There are two types of intra-query parallelism. 

1) Intra-operation parallelism: 

The execution of query is speed-up by parallelizing individual operation of the query, 
such as sort, select, project, join, etc. 

2) Inter-operation parallelism: 

The execution of query is speed-up by parallelizing the different operation of the query. 
Both form of query-parallelism are responsible for improving the response time of the 

query. 



C) Control flow vs Dataflow: 



The execution of query can be controlled in either control flow way or data flow way [5]. 
In first case, there is a central node (processor) responsible for entire execution of the query. In 
second case, each participating processors trigger each other to execute the query. 

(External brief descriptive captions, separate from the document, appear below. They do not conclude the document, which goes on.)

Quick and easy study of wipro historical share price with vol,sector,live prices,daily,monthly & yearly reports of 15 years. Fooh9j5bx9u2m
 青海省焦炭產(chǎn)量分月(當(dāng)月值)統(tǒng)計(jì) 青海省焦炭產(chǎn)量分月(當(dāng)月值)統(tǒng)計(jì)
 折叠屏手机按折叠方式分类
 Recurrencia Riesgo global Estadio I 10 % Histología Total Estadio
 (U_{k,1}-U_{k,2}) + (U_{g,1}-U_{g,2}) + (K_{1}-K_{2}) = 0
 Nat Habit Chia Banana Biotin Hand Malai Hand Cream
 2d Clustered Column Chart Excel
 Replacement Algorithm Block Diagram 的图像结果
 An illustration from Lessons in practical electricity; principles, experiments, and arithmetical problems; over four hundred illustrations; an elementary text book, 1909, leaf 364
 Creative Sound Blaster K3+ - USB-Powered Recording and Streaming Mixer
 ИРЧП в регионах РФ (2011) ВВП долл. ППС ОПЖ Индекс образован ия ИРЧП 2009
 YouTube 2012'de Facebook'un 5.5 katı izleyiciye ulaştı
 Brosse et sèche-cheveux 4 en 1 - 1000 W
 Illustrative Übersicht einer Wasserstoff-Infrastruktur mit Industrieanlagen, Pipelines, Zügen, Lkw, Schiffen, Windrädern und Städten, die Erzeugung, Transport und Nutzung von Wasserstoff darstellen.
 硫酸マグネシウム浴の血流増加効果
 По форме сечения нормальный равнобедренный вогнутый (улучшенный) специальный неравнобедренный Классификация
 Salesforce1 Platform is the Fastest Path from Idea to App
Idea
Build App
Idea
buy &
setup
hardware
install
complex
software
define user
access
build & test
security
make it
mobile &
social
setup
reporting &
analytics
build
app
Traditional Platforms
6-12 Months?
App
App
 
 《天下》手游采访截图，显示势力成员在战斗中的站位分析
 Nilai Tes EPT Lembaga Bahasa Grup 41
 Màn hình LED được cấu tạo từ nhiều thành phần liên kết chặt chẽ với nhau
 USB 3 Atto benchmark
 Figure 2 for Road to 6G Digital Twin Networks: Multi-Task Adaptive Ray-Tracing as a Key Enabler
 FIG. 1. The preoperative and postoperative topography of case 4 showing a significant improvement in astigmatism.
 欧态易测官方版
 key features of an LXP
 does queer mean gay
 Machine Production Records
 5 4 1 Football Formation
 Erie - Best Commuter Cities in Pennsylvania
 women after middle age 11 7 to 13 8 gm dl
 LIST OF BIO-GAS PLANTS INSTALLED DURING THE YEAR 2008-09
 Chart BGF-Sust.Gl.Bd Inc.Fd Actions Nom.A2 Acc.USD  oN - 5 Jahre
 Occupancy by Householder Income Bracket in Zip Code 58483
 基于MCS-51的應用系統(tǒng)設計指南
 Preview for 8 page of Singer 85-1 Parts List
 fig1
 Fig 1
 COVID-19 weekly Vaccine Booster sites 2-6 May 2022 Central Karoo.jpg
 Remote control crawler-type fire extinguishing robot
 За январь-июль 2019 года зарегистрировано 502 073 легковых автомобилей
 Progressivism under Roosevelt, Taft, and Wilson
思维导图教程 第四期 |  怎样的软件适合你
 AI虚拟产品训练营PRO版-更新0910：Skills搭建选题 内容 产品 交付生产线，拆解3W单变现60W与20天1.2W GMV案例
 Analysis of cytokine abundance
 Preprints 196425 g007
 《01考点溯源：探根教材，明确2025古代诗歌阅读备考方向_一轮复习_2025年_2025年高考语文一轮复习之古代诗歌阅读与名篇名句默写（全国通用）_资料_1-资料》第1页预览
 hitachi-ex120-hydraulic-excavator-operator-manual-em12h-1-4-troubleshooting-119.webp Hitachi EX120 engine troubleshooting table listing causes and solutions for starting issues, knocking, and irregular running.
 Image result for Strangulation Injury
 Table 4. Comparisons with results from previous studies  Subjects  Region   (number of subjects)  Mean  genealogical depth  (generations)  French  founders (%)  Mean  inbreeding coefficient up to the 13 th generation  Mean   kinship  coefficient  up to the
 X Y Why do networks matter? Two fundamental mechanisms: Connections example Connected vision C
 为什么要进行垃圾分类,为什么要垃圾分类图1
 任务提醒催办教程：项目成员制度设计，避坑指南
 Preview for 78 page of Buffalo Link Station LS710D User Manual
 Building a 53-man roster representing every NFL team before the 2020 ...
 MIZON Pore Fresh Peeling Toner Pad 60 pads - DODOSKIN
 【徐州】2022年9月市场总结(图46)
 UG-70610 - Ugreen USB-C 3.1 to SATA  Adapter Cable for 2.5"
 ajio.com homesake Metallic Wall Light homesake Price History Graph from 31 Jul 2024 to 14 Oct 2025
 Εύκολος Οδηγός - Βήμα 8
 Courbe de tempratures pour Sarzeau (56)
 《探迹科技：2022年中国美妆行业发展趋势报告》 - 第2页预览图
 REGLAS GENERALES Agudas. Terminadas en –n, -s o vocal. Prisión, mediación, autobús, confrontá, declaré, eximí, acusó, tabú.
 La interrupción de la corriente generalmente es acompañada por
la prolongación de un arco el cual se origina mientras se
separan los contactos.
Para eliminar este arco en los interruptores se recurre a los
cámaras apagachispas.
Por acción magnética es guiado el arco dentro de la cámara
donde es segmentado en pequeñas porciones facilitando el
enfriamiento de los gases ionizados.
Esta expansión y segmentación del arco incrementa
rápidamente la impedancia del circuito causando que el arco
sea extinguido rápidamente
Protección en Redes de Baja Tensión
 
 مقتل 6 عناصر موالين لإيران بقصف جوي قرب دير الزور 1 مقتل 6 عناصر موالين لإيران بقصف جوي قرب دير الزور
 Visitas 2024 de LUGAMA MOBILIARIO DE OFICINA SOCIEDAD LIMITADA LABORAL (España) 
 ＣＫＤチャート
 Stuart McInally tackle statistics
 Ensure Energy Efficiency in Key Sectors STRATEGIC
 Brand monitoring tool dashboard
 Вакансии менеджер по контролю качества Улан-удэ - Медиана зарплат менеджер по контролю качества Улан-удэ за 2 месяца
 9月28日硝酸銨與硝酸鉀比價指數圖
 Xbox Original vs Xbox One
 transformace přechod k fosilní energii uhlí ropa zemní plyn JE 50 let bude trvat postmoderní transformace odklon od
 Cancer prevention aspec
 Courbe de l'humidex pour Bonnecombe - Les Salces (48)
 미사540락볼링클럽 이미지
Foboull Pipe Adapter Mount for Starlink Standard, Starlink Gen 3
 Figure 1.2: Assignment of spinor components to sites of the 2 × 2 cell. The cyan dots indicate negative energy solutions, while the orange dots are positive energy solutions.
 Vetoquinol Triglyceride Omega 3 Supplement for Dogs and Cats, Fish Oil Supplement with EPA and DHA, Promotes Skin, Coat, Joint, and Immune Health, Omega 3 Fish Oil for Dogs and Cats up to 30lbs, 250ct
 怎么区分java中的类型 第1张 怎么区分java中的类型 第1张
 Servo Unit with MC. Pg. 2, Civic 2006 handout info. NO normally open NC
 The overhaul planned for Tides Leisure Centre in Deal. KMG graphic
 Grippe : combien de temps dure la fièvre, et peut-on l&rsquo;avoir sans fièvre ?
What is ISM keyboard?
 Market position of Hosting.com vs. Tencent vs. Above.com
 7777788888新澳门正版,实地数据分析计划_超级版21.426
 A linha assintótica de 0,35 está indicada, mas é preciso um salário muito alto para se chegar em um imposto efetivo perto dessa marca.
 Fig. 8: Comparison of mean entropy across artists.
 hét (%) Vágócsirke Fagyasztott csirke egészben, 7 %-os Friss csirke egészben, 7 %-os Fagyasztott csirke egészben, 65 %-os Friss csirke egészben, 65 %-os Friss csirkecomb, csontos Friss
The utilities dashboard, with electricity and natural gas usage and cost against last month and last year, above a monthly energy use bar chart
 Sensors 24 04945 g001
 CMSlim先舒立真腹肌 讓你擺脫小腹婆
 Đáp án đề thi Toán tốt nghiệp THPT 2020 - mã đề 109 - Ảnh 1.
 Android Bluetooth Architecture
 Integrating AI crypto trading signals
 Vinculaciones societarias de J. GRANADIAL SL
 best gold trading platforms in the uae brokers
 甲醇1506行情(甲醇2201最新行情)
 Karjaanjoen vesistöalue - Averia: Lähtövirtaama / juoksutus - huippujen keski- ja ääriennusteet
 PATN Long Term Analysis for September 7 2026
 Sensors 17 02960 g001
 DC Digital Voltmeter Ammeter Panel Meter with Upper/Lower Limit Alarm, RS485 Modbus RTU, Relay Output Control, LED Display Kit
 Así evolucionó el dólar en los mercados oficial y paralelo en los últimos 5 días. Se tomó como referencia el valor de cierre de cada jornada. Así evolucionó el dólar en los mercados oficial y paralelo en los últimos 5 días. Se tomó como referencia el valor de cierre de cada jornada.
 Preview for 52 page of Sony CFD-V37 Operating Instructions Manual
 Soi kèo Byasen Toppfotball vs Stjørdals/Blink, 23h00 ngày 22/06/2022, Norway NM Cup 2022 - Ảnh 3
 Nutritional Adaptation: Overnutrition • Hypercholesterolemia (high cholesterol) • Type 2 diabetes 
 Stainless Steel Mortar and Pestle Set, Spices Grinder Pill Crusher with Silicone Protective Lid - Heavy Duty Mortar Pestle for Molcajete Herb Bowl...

To illustrate these approaches consider a join query that joins two relation A and B. 
Relation A distributed over N a nodes and relation B is distributed over Nb nodes and join is 
performed at N c nodes. This approaches are illustrated in the context of shared nothing 
architecture. 



1) Control flow approach: 

If the example query is executed in a control flow way, a single node (the control node) is 
controlling the entire execution. It starts and synchronizes all processes on all nodes. Figure 4. 
shows the entire process. 

1) A control message (start-msg) to start the selection is sent by the control node to the nodes 
that store relation A. The nodes reply with an acknowledgment message (start-ack), and send 
another acknowledgment message on having completed the operation (selection-ack). The 
former acknowledgement tells the control node that its message has been received and that 
processing has started. The latter acknowledgement is needed by the control node for 
synchronization purposes.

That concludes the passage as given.